Es todavía una remota posibilidad, pero en Estados Unidos se habla cada vez más de iniciar un juicio político, o ‘impeachment’, al presidente Donald Trump por presuntamente tratar de obstaculizar una investigación sobre su campaña presidencial, entre otras fechorías. De la misma manera, los brasileños destituyeron a Dilma Rousseff el año pasado y es muy posible que hagan lo mismo con el actual presidente Michel Temer tras reportes la semana pasada que revelan que intentó silenciar a un testigo que lo vincula con actos de corrupción.
El juicio político no es una práctica común en las Américas, pero debería ser utilizado con más frecuencia. En toda la historia de EE.UU., únicamente se ha intentado tres veces y solo en el caso de Richard Nixon acabó en la caída del presidente, aunque este renunció antes de que la Cámara de Representantes pudiera votar sobre ello.
Bajo el sistema presidencialista que predomina en el hemisferio, el Ejecutivo ha acumulado enormes y desproporcionados poderes, erosionando así los pesos y contrapesos necesarios para que funcione una república. Eso típicamente facilita la mala administración y la corrupción. Que el Ejecutivo tenga una burocracia inmensa encargada de hacer cumplir interminables regulaciones es una receta para la arbitrariedad y el abuso del poder. En el mundo en desarrollo que sufre de una débil institucionalidad, esto se vuelve un problema aún mayor.

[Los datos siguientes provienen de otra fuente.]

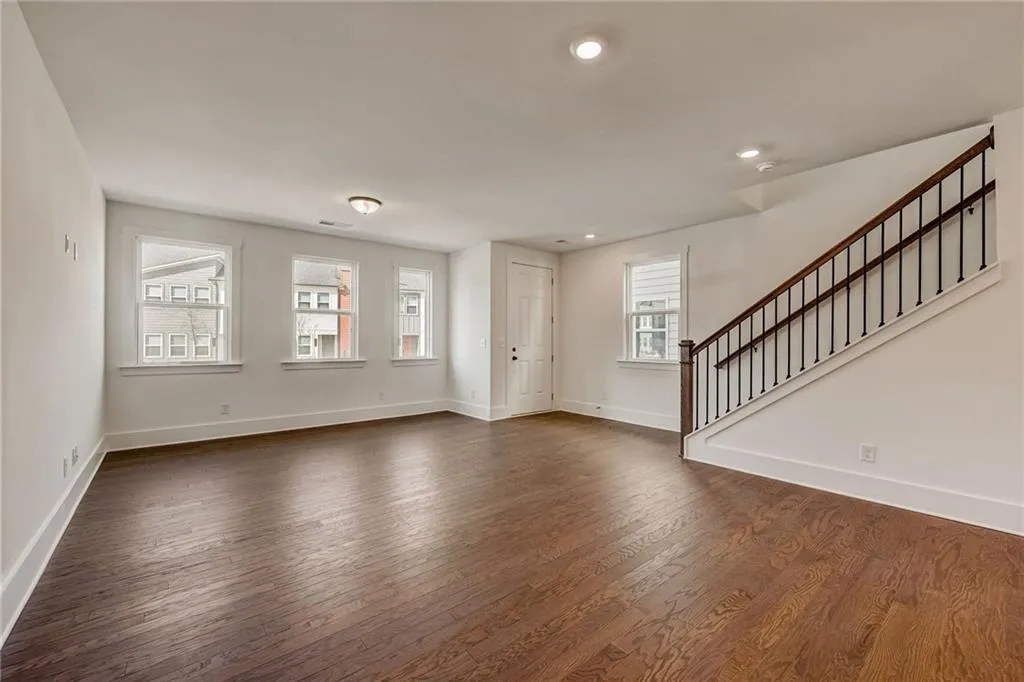 Unfurnished living room featuring stairs, dark wood-style flooring, and recessed lighting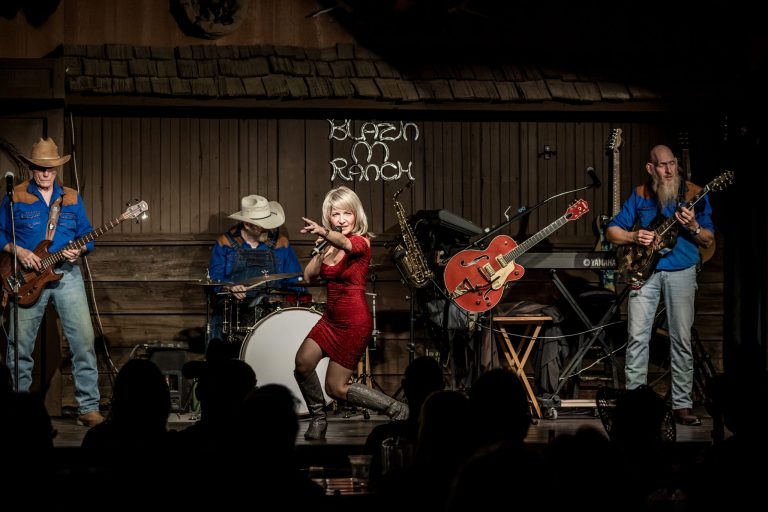 Band performing on stage with a woman singing, guitarists, and drummer.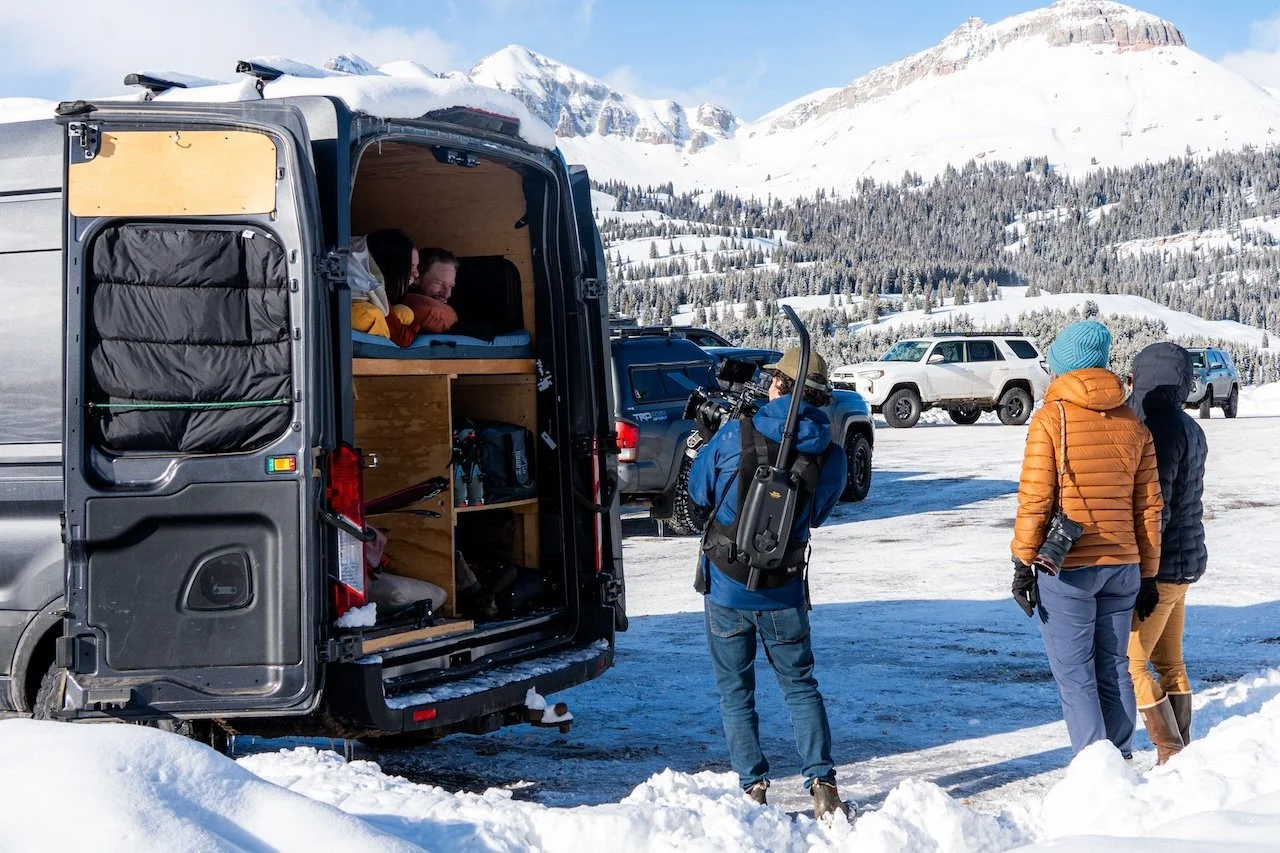 Group of people dressed in winter clothing standing outside near a camper van with an interior setup, in a snowy mountainous landscape with parked vehicles in the background.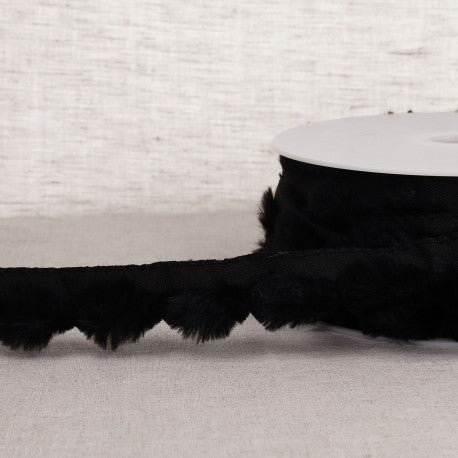 Black synthetic fur pompom trim on a spool against a neutral fabric background.
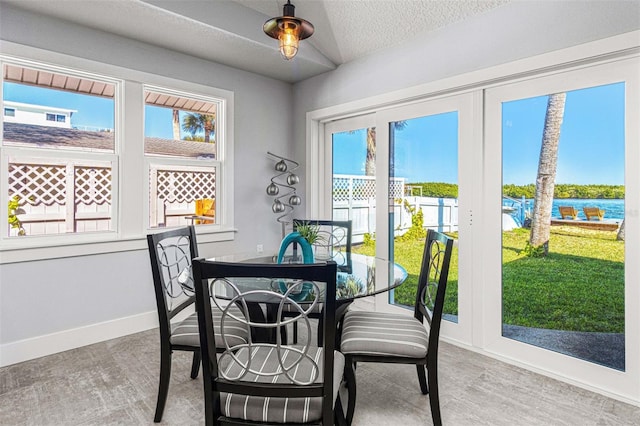 dining space with a textured ceiling and a water view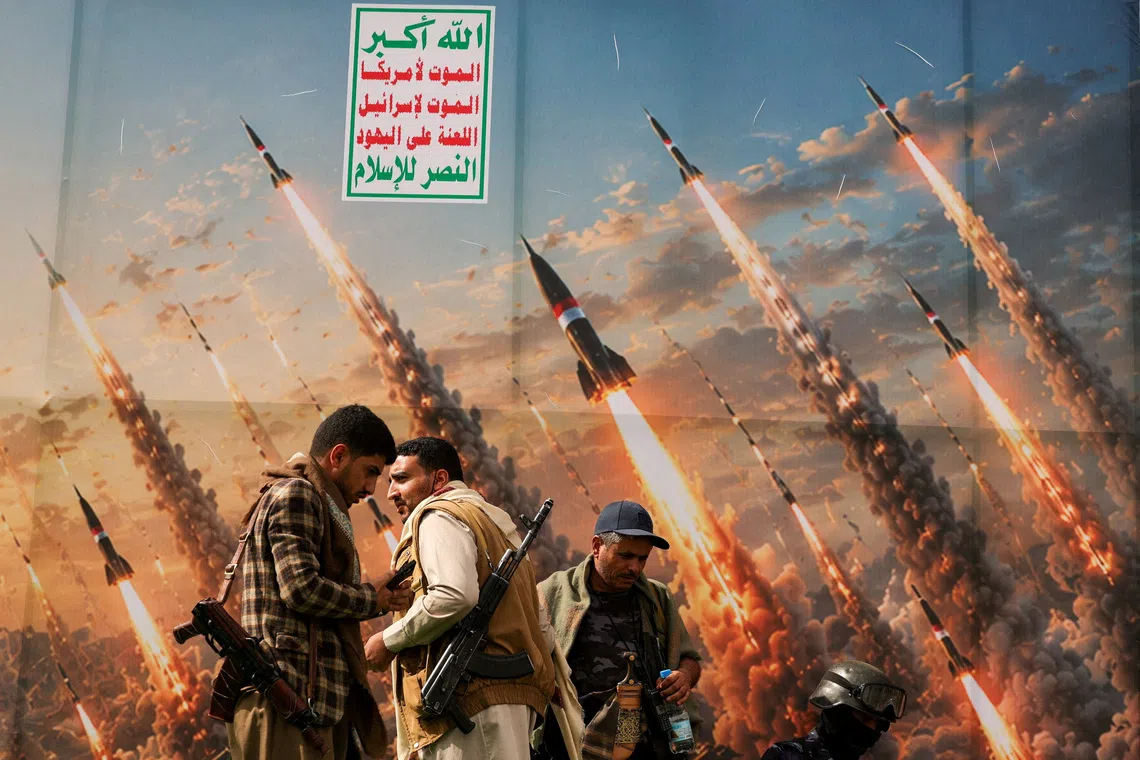 FILE PHOTO: Houthi activists stand on a platform against a banner depicting Houthi missiles, at an anti-Saudi rally amid an escalation with the kingdom, in Sanaa, Yemen, July 31, 2026. REUTERS/Khaled Abdullah/File Photo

Cuando ha habido abusos, el uso del juicio político sirve no solo para castigar sino también, y principalmente, para proteger la integridad del sistema democrático. En ese sentido, Brasil está dando grandes lecciones a la región. Ante el escándalo Lava Jato, cientos de personas entre las más poderosas del mundo de los negocios y de la política brasileña han sido investigados y se han ejecutado decenas de sentencias. Que la corrupción masiva involucrara a tantos líderes de la élite se debe en sí a que el Estado, y especialmente el Ejecutivo, tenga tanto poder.
Lo novedoso de Brasil es que se está sancionando a quienes participaron de la corrupción. Respecto al juicio político, Brasil ha estado a la vanguardia. A Rousseff la destituyeron por un delito que presidentes anteriores habían cometido (pero en el que ella incurrió a mayor escala). Quizá no hubiera ocurrido sin el escándalo Lava Jato que la estaba rodeando, pero el efecto fue el mismo: reforzó la rendición de cuentas del Ejecutivo, lo que se podrá aplicar también a Temer hoy.
En un par de semanas Brasil desatará una bomba en la región: soltará los nombres de las autoridades en toda América Latina que recibieron coimas de Odebrecht. Ojalá los países latinoamericanos estén a la altura de Brasil a la hora de tratar estos casos de alta corrupción. Será una oportunidad para reconsiderar el papel del juicio político. En un país como el Perú, donde más de un ex presidente podría terminar en la cárcel por corrupción, vale la pena preguntar si la posibilidad del ‘impeachment’ podría haber hecho alguna diferencia.
En todo caso, es hora de que la región empiece a tomar en serio el juicio político como una herramienta más para el buen funcionamiento del Estado. Claro que, bajo el sistema presidencialista, el ‘impeachment’ puede causar inestabilidad política y económica, como está ocurriendo hoy en Brasil. Y claro que puede haber relativa estabilidad aun cuando hay un alto grado de corrupción, como ha sido el caso del Perú. Pero ambos casos apuntan a que con más prosperidad, crecimiento de la clase media y otras transformaciones sociales en años recientes, las democracias latinoamericanas son lo suficientemente maduras para tener mayor rendición de cuentas y estabilidad a largo plazo.